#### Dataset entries
----

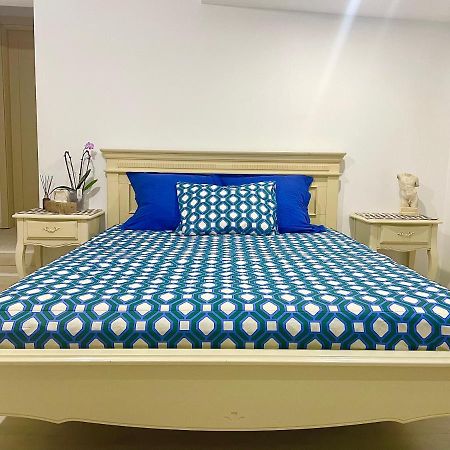 Casa In Inima Capitalei Villa บูคาเรสต์ ภายนอก รูปภาพ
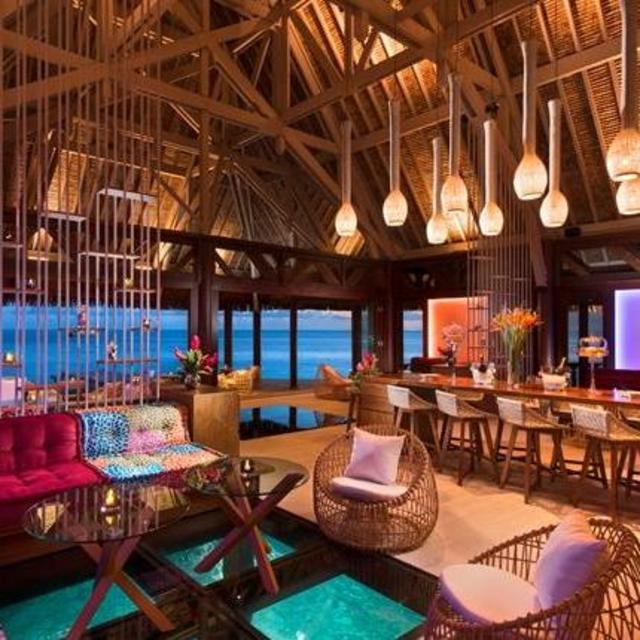 Honeymoon drinks at Upa Upa in Bora Bora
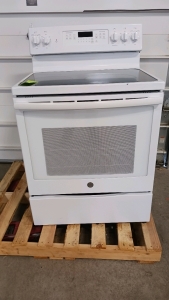 General Electric Range Glass Top White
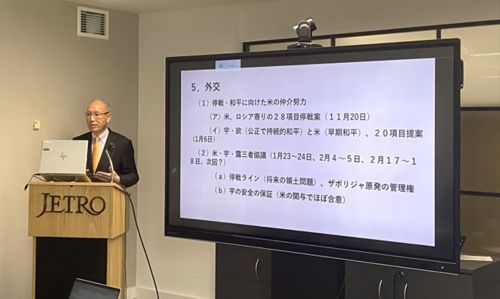 写真　松田前大使の講演（ジェトロ撮影）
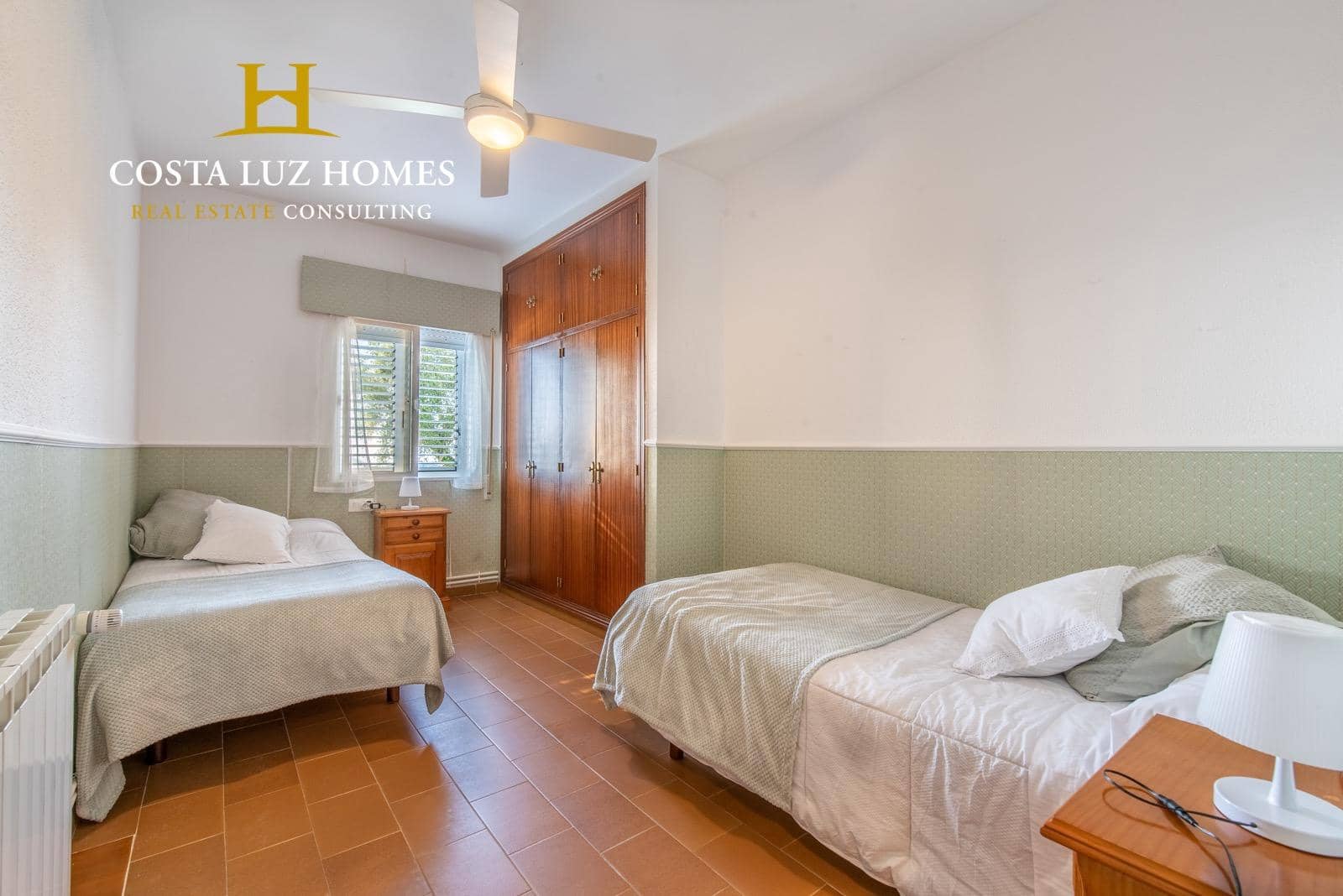 6 soveværelse Finca/Landehus til salg i Benaocaz med swimmingpool garage - € 890.000 (Ref: 7556815)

----

#### Problem details
Each line from the one containing "General Electric Range Glass Top White" through the end of the records above is to be retyped exactly, with the pictures omitted and nothing added.

#### Written answer
 General Electric Range Glass Top White
 写真　松田前大使の講演（ジェトロ撮影）
 6 soveværelse Finca/Landehus til salg i Benaocaz med swimmingpool garage - € 890.000 (Ref: 7556815)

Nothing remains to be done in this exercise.